Collected data:
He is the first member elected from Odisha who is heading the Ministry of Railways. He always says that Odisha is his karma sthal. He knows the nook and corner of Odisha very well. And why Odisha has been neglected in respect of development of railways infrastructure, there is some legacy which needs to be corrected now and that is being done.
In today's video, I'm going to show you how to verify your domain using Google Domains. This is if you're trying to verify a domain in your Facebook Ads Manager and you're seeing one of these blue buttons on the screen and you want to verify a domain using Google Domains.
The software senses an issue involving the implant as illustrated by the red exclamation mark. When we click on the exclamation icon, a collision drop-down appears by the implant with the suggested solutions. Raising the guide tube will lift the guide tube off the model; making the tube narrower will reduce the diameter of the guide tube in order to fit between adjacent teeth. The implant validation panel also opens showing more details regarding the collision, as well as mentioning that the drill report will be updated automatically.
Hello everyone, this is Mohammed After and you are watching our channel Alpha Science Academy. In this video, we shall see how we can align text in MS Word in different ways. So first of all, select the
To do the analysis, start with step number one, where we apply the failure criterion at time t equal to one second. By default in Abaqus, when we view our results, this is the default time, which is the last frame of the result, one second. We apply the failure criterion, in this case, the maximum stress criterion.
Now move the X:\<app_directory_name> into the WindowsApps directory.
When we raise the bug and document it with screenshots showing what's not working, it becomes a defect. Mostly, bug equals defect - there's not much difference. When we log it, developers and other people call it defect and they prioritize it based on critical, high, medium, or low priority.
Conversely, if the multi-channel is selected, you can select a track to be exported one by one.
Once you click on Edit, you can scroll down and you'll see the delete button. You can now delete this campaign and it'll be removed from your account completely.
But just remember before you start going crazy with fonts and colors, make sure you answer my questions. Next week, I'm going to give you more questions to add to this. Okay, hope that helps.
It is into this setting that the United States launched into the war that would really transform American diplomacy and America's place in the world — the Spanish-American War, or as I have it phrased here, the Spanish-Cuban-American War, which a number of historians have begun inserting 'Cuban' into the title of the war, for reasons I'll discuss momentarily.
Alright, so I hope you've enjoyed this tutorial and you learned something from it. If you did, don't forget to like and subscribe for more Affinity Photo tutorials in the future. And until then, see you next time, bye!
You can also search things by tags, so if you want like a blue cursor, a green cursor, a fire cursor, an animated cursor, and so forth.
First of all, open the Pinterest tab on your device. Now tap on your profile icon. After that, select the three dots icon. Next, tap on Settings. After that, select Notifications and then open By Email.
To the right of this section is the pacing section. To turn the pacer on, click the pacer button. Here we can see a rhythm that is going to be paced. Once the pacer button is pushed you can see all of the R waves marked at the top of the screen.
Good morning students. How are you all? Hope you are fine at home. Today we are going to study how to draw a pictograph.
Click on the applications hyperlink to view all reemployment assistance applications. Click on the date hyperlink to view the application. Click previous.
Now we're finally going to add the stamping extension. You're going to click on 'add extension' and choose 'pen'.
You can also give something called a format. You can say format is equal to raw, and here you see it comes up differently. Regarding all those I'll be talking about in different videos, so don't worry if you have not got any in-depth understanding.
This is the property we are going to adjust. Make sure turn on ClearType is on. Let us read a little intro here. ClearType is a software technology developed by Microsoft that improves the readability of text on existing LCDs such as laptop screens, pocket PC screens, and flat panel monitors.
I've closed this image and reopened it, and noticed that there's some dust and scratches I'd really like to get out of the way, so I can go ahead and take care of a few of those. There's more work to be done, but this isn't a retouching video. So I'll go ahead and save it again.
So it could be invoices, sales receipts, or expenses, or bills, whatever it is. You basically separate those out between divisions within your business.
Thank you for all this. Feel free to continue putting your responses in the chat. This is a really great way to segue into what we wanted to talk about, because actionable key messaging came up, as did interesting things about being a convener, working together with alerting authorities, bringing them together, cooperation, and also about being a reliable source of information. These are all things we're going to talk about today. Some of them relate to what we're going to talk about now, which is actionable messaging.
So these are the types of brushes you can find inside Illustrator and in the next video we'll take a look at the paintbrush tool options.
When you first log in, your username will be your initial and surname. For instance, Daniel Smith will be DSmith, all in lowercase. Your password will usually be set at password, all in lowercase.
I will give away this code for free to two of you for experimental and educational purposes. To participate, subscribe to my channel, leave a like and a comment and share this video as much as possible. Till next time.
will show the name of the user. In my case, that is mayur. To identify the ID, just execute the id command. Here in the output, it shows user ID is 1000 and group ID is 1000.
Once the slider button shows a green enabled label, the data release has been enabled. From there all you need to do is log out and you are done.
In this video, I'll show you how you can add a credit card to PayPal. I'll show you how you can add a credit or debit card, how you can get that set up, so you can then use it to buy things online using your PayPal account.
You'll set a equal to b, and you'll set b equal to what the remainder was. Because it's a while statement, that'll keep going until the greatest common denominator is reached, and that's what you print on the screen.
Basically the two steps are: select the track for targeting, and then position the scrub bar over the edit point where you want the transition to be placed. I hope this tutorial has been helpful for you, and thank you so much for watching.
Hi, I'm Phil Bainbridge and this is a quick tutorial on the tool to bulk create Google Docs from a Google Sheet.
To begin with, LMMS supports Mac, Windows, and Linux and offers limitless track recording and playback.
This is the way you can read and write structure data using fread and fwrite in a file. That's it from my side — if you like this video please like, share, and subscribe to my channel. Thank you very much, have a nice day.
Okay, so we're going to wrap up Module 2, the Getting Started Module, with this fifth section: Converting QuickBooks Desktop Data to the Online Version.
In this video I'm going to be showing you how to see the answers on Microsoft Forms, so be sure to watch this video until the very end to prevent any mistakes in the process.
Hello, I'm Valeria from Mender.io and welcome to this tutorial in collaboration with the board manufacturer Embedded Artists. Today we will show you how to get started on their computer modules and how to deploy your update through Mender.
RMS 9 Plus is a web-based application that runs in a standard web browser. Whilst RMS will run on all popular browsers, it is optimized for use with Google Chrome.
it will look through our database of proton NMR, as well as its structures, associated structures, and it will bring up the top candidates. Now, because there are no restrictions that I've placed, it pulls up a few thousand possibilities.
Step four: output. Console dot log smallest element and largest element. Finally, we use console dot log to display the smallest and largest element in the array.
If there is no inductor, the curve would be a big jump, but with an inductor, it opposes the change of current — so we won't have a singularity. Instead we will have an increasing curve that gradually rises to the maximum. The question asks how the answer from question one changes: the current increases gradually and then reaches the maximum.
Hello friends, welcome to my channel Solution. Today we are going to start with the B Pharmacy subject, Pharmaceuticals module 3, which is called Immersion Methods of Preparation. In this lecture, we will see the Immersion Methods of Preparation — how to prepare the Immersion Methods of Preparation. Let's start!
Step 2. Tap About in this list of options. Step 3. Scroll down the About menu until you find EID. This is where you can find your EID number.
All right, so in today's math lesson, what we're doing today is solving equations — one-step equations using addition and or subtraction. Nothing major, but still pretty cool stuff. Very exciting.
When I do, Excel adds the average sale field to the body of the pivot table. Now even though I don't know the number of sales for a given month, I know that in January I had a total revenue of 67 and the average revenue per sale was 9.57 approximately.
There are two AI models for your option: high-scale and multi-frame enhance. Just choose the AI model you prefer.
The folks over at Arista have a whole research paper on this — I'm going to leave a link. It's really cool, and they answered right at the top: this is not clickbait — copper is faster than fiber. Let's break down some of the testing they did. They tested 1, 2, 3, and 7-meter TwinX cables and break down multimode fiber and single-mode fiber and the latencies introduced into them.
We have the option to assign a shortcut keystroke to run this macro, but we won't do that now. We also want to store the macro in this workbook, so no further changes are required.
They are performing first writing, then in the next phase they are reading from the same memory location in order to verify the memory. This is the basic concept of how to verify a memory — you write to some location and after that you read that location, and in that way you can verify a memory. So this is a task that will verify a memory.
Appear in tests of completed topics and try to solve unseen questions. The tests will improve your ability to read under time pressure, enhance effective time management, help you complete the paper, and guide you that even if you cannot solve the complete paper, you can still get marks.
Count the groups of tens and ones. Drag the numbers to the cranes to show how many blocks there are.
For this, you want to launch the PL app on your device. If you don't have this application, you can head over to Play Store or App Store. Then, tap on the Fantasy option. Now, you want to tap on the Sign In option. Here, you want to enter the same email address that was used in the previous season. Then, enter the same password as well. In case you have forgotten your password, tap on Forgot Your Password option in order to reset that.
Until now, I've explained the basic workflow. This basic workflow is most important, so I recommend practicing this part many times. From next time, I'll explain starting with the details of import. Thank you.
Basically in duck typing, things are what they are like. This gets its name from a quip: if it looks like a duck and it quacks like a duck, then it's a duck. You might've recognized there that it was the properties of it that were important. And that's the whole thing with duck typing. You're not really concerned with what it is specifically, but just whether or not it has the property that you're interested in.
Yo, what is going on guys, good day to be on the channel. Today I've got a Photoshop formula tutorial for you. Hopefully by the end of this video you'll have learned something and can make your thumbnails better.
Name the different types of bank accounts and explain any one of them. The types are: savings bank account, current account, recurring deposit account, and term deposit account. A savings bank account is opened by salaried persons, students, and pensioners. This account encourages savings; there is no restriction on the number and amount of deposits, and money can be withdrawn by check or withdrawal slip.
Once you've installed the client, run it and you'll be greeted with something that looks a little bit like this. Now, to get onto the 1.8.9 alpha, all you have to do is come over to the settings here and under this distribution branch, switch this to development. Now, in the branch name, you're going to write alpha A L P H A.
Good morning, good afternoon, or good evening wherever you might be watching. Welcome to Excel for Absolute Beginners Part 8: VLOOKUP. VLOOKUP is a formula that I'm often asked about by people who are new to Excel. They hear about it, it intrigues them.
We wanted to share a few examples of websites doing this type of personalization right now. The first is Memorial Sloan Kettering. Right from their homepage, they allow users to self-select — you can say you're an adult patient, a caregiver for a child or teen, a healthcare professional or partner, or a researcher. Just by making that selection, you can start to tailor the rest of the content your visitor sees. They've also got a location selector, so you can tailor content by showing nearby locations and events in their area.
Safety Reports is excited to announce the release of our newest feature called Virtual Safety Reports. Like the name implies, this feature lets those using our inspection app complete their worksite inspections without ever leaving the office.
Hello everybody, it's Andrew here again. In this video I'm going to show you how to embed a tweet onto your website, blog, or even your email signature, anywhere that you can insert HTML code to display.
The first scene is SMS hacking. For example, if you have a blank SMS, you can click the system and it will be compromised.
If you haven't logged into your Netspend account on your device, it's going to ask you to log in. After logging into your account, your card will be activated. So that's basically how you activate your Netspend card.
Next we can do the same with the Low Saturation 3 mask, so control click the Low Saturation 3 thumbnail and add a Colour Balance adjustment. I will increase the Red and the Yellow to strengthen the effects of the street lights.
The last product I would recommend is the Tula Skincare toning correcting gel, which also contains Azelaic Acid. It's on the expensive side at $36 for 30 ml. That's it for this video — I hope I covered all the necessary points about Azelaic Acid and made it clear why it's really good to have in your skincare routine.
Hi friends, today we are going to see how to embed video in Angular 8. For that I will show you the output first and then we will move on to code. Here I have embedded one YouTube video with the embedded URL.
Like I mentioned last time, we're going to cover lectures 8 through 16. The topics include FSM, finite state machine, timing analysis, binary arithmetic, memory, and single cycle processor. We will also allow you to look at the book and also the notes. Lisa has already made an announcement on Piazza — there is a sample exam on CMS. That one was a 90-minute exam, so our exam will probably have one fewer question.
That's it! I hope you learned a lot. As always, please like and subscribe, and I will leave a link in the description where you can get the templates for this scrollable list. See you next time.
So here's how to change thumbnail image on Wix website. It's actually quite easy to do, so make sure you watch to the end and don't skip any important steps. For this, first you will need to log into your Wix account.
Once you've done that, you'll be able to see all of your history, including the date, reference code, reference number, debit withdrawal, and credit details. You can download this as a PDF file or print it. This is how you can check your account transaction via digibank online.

▸ **Problem details**
Looking back over the data above, restate word for word the lines that begin at the line with "I've closed this" and end at the line with "Thank you for", inclusive.

▸ **Exercise response**
I've closed this image and reopened it, and noticed that there's some dust and scratches I'd really like to get out of the way, so I can go ahead and take care of a few of those. There's more work to be done, but this isn't a retouching video. So I'll go ahead and save it again.
So it could be invoices, sales receipts, or expenses, or bills, whatever it is. You basically separate those out between divisions within your business.
Thank you for all this. Feel free to continue putting your responses in the chat. This is a really great way to segue into what we wanted to talk about, because actionable key messaging came up, as did interesting things about being a convener, working together with alerting authorities, bringing them together, cooperation, and also about being a reliable source of information. These are all things we're going to talk about today. Some of them relate to what we're going to talk about now, which is actionable messaging.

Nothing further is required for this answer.